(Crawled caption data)
_____

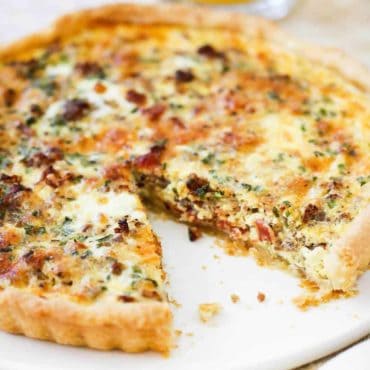 A breakfast quiche on a white serving platter with a slice removed.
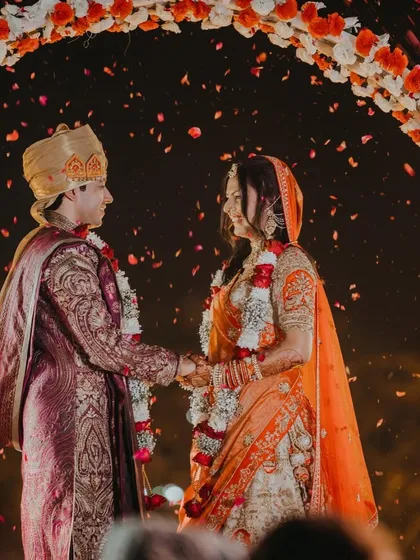 A beautiful moment during the varmala ceremony under a floral arch. I focus on creating stunning backdrops that make your wedding photos look like works of art.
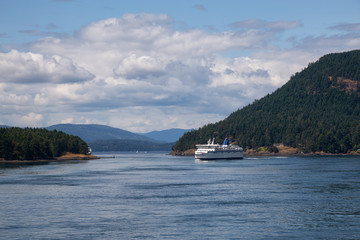 Fototapeta na wymiar Beautiful View of a Ferry Boat passing in the Gulf Islands Narrows during a sunny summer day. Taken near Vancouver Island, British Columbia, Canada.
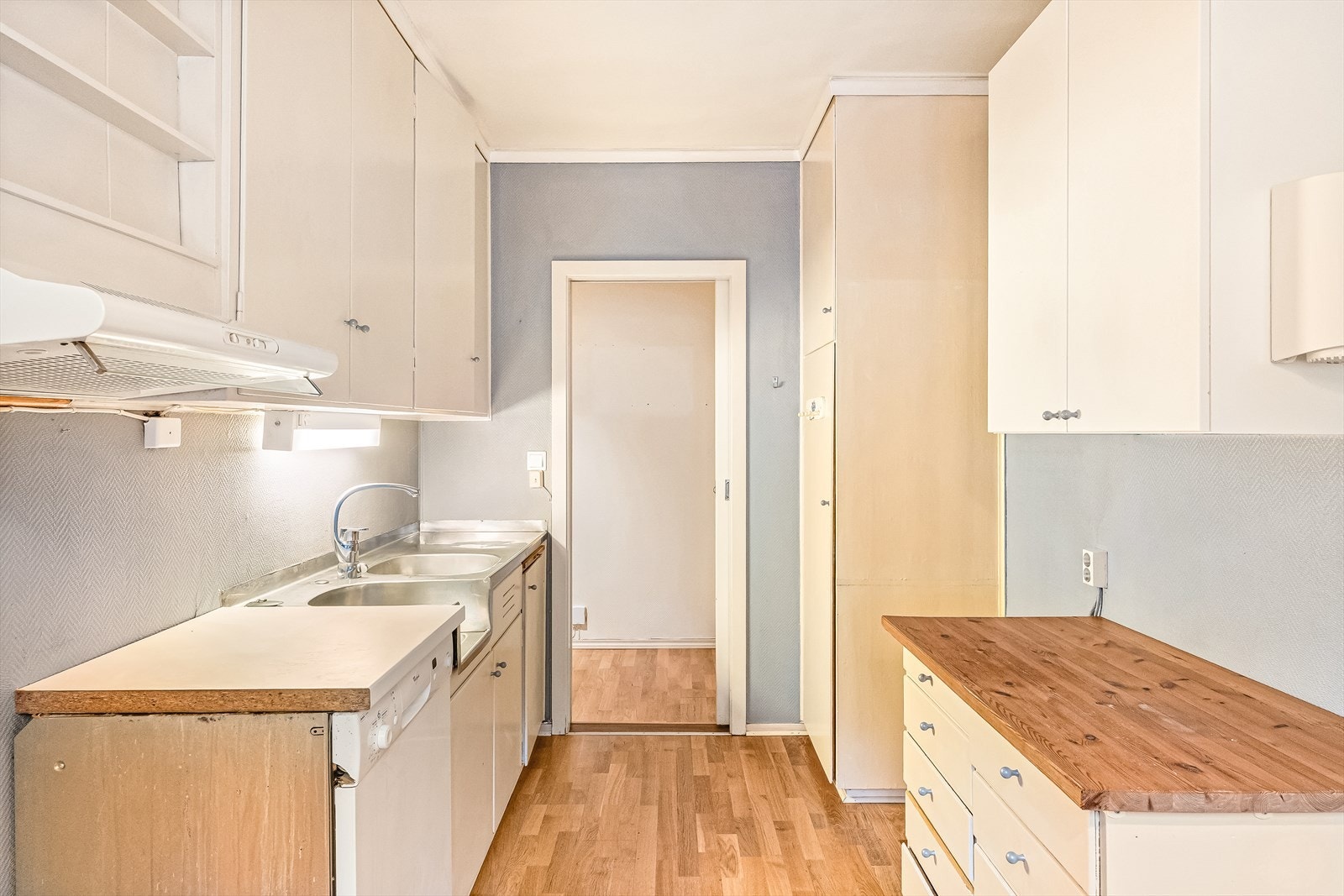 Det er eldre kjøkkeninnredning med slette fronter. Inneholder: laminat/heltre benkeplate, stålvask, ventilator med avtrekk ut og opplegg for oppvaskmaskin. Galleribilde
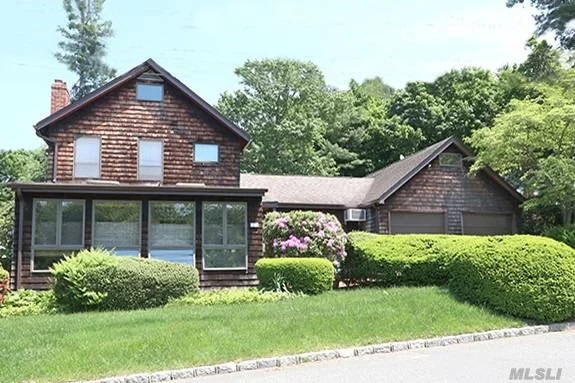 Truly Distinctive! Enclosed Front Porch Leads To A Spacious Open Floor Plan. Features Include Living Room W Brick Fireplace, Sun Drenched Updated Eik, Gleaming Hardwood And Stone Floors, Den W Full Bath, Master Bedroom W Beamed Ceilings, 2 Car Garage Or Bonus Room. Private Patio Overlooking Stunning Park Like Yard Perfect For Outdoor Entertaining. Natural Gas Available On Street. Syosset Schools. Walt Whit/Elem, Thompson Ms. Convenient To Train, Shopping And Highways. Taxes Have Been Grieved!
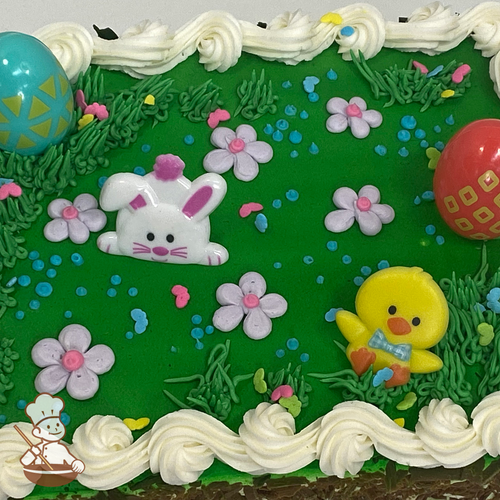 Easter sheet cake with spring bunnies, chick, eggs, and daisies on green lawn.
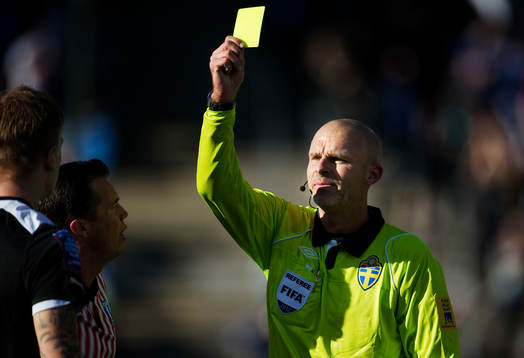 Michael Lerjéus, domare, delar ut ett gult kort. Varning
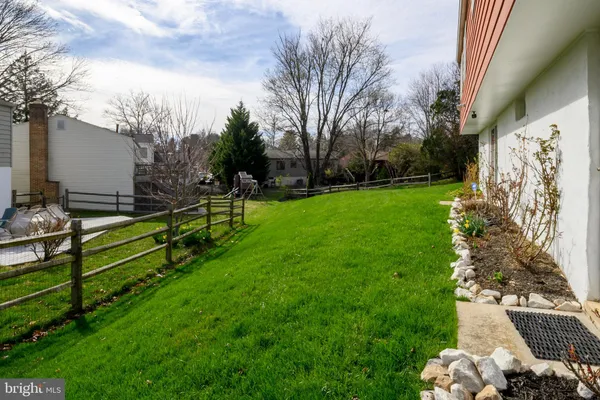 a view of a park with large trees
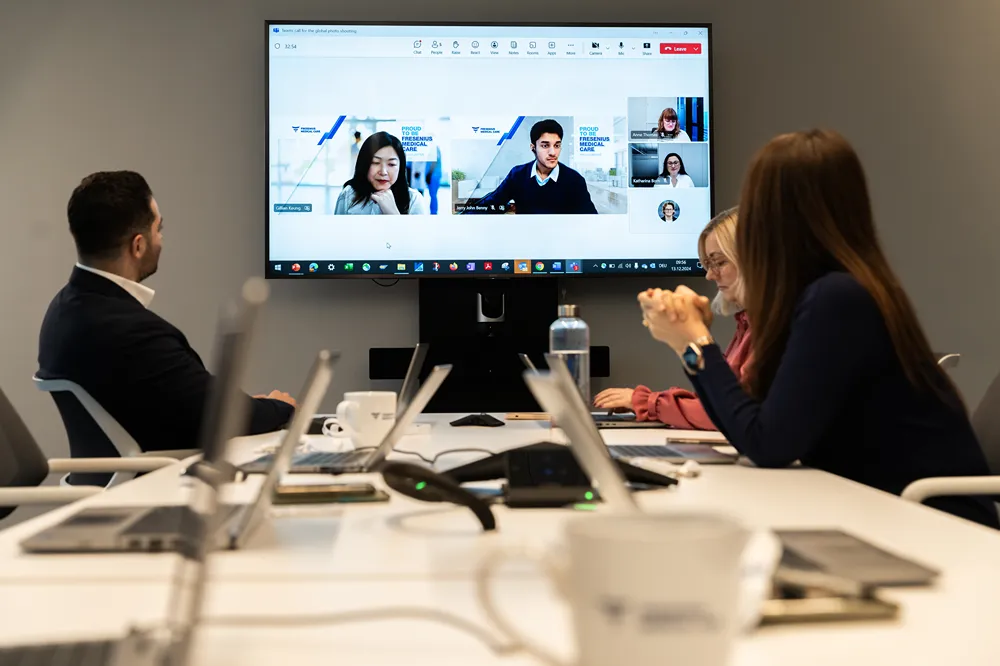 People sit around a table with laptops, participating in a video conference. A large screen displays multiple participants in a virtual meeting. Notebooks, water, and devices are visible on the table.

_____

When pictures appear in the records above, leave them out and reproduce exactly each line from the first through the line containing "Det er eldre", both included.

• [OUTPUT FOR THIS EXERCISE]:
 A breakfast quiche on a white serving platter with a slice removed.
 A beautiful moment during the varmala ceremony under a floral arch. I focus on creating stunning backdrops that make your wedding photos look like works of art.
 Fototapeta na wymiar Beautiful View of a Ferry Boat passing in the Gulf Islands Narrows during a sunny summer day. Taken near Vancouver Island, British Columbia, Canada.
 Det er eldre kjøkkeninnredning med slette fronter. Inneholder: laminat/heltre benkeplate, stålvask, ventilator med avtrekk ut og opplegg for oppvaskmaskin. Galleribilde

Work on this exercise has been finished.